Each arena is an array holding some constant number of S-expressions, with
mark bits, e.g.: 
<<example>>=
#define GROWTH_UNIT 24
struct markedsx { /* S-expression with mark bit */
  struct sx sx;
  unsigned live:1;
};
typedef struct arena {
  struct markedsx pool[GROWTH_UNIT];
  struct arena *tail;
}
@ Notice that arenas are chained on a linked list; the head of that list is
called [[heap]]. One arena is always the current free arena, and the variable
[[freeArena]] points to it. The heap pointer [[hp]] points to next available
S-expression in the current free arena. The limit pointer [[heap_limit]]
points just beyond the last S-expression in the current free arena, so at any
moment the number of free S-expressions in the current free arena is
[[heap_limit - hp]]. 
<<example>>=
struct markedsx *hp, *heap_limit;
struct arena *heap, *freeArena;
@ Here's a picture of what the arenas look like in the middle of an allocation
cycle: \htmlBR
[IMAGE]\htmlBR
Dark shaded areas are used, while light areas are available for allocation.
Except for the current free arena, arenas are either entirely used or entirely
available. [[heap_limit - hp]] gives the size of the light area in the
current arena. Of course, this picture doesn't make sense for the stage 1 we
have implemented---in the implementation we give you, the current arena is
also always the last one. Also, once we have a garbage collector, ``used'' and
``available'' will be only approximations to what the dark and light areas
represent. 

We have implemented a function [[allocSx]], which takes an S-expression (that
is, a free cell) from the current free arena.
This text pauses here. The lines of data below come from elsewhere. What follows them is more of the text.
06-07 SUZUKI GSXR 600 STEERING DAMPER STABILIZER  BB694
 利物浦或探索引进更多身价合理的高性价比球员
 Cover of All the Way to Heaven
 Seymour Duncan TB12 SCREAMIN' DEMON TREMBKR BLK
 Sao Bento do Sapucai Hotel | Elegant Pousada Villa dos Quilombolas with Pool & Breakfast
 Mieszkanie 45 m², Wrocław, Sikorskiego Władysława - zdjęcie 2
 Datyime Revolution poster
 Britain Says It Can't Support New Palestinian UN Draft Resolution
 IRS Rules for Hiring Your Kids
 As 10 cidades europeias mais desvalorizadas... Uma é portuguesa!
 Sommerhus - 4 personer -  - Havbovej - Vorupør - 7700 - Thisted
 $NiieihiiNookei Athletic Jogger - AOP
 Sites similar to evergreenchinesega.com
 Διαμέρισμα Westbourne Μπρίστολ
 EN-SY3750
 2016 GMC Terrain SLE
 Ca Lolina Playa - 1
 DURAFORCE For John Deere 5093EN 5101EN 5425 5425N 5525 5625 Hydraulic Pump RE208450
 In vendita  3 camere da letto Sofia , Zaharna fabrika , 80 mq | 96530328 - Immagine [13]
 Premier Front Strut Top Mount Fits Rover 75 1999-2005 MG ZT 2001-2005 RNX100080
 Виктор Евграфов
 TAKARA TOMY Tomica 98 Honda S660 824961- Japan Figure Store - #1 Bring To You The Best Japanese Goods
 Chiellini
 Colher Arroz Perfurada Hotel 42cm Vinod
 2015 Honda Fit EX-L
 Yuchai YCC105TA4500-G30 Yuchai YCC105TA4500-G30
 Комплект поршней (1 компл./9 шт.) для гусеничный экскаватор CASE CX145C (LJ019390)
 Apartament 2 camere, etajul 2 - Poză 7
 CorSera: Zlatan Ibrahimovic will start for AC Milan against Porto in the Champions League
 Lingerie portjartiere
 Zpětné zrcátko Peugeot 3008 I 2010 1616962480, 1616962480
If there are no S-expressions
remaining in the current arena, it calls [[growHeap]] to add a new arena to
the tail of the list of all arenas. 

\item \textbf{Stage 2: Roots}. The next step in preparing a collector is to
identify the roots: all the places where pointers might lead to live
S-expressions. Another way to say it is we have to know what [[Sx]]s might
possibly be used after a call to [[allocSx]]. These certainly include every
[[Sx]] reachable from every [[rho]] of every invocation of [[eval]], as well
as various temporary values and environments. Some S-expressions are also live
during parsing. 

To solve this stage, we have broken the problem down by type. 

\begin{itemize}
\item First, we have identified all the types that might contain a pointer
leading to a value of type [[SEXP]]. Any of the following types can contain
pointers to an  [[SEXP]]: 

\begin{itemize}
\item [[Sx]], through the [[car]] and [[cdr]] fields of [[u.list]]. 
\item [[Valuelist]], because it is a list of [[Sx]]. 
\end{itemize}

And then we can get pointers indirectly through values of the following types:


\begin{itemize}
\item [[Env]], because it contains a [[Valuelist]]. 
\item [[Ast]], through the [[VAL]] field. 
\item [[Astlist]], as a list of [[Ast]]s. 
\item [[Sx]] again, when it is a closure, which holds both [[Ast]] and
[[Env]]. 
\item [[Exp]], through the [[sx]] field. 
\item [[Explist]], as a list of [[Exp]]s. 
\item [[Input]], as it may contain [[Ast]]. 
\end{itemize}

For each of these types, we have written a tracing function that follows
pointers and marks S-exprssions. 

\item The next step is identifying the root set.  Any value of any of the
types named above is potentially a root if it could be live during a
traced-state allocation. The set of roots therefore includes: 

\begin{enumerate}
\item [[globalEnv]] 
\item [[ipt]] in [[main]] 
\item potentially, local variables and actual parameters of any function that
calls a function that could allocate. (A function could allocate either if it
calls [[allocSx]], or if it calls a function that could allocate.) These
include: 
\item every [[rho]] of every activitation of [[eval]] 
\item every [[s]] in every activation of [[evalList]]  ([[s]] is the
\textit{result} of a previous [[eval]] that's being saved for later use.  To
understand the details, look at the source  for [[evalList]].) 
\item a great many roots in parsing and converting [[Exp]] to [[Ast]],
culminating in  the value returned by [[readInput]] 
\end{enumerate}

The functions that call functions that might allocate are 

\begin{quote}
\texttt{readInput}, \texttt{parseExp}, \texttt{parseEL}, \texttt{expToInput},
\texttt{expToAst}, \texttt{explistToAstlist}, \texttt{getBindings},
\texttt{expToSx}, \texttt{explistToSx}, \texttt{mkSYM}, \texttt{mkPRIM},
\texttt{main}, \texttt{eval}, \texttt{evalList}, \texttt{applyClosure},
\texttt{applyValueOp}, \texttt{applyArithOp}, \texttt{mkCLO}, \texttt{mkNUM},
\texttt{mkLIST}, and \texttt{mkSx}. 
\end{quote}

In each of these functions, we must do work to ensure that every potential
root is visible to the garbage collector. To make the job easier, we have used
the following precondition: 

\begin{quote}
\textit{When any of these functions is called, it is guaranteed that its
arguments are reachable through some root already on the root stack. 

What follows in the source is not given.